Records supplied: Begin
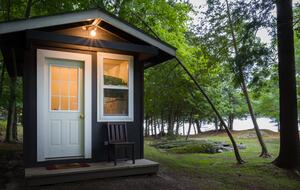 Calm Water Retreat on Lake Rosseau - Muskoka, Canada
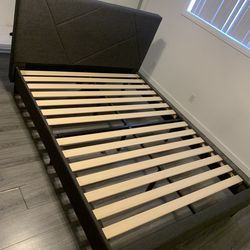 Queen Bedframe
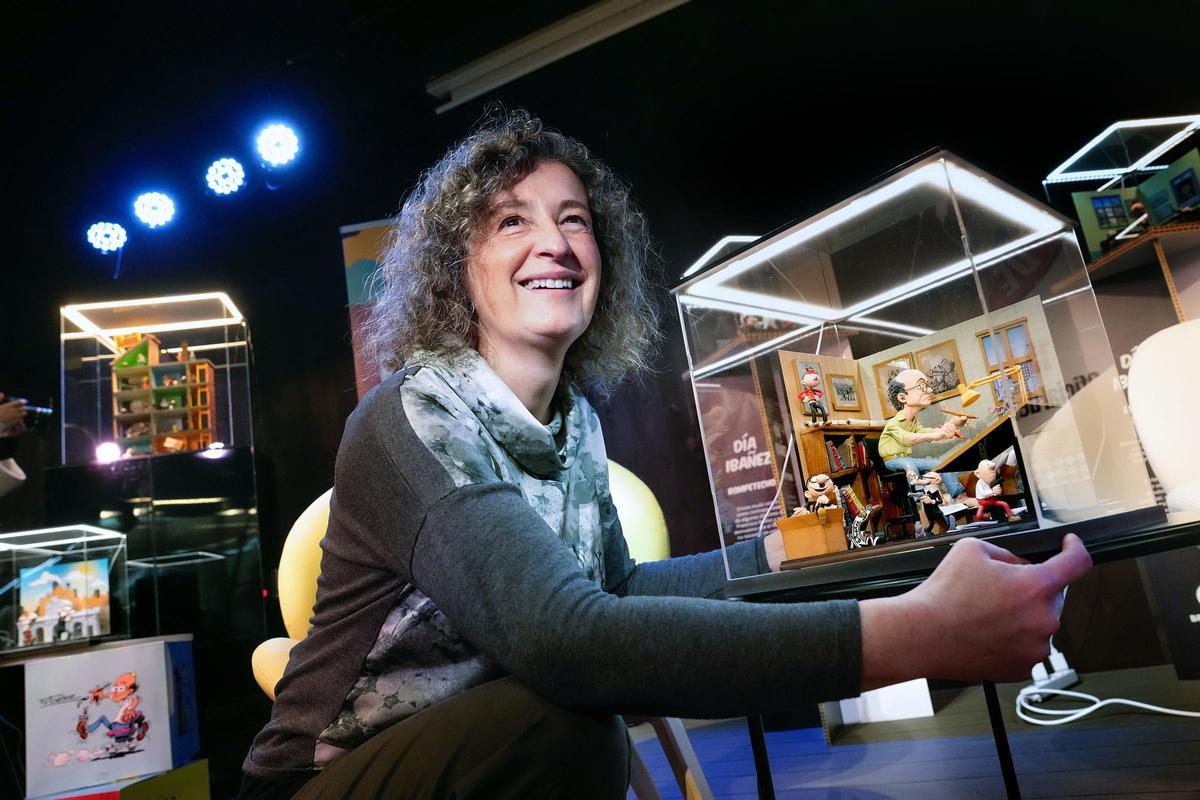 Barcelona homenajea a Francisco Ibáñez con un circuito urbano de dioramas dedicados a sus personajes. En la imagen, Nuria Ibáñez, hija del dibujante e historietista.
Records supplied: End
Records supplied: Begin
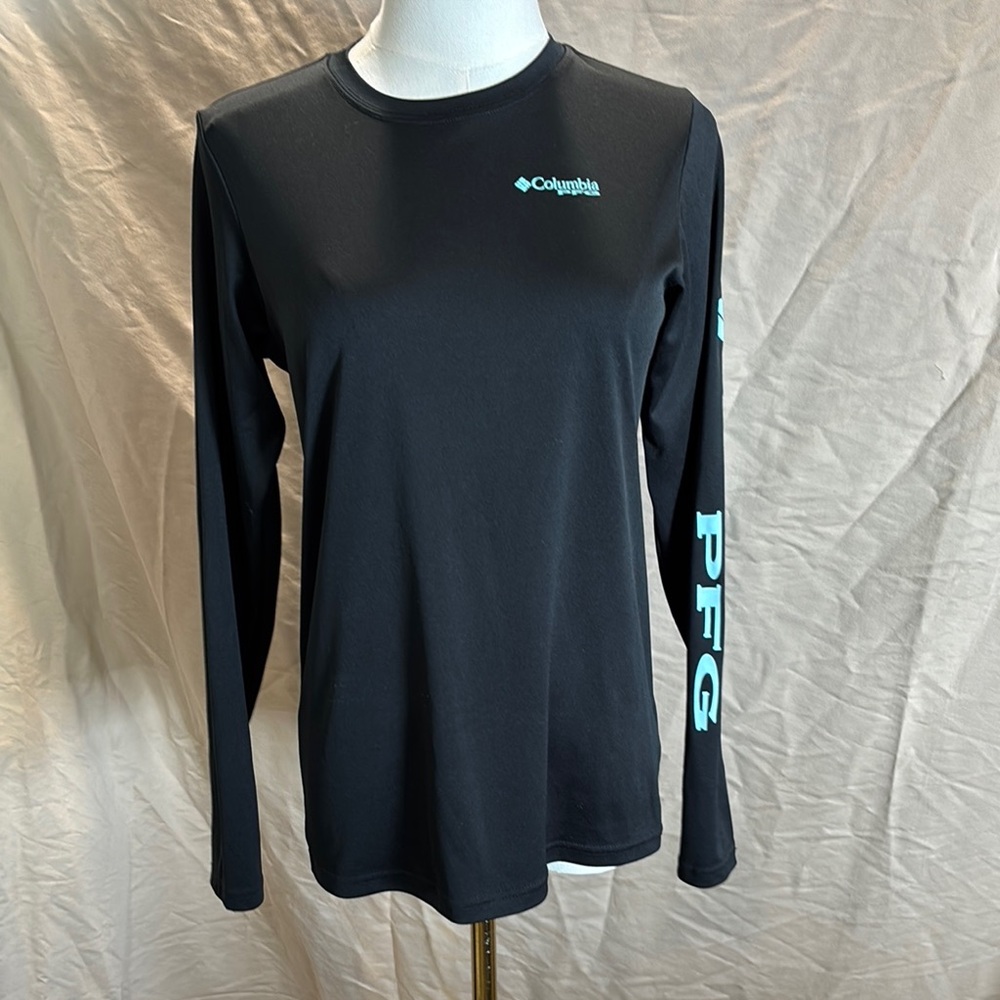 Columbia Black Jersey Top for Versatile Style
Records supplied: End
Work required
Please return the data above exactly as it stands from the line with "Calm Water Retreat" to the line with "Barcelona homenajea a", keeping both of those lines but none of the pictures.

Output below
 Calm Water Retreat on Lake Rosseau - Muskoka, Canada
 Queen Bedframe
 Barcelona homenajea a Francisco Ibáñez con un circuito urbano de dioramas dedicados a sus personajes. En la imagen, Nuria Ibáñez, hija del dibujante e historietista.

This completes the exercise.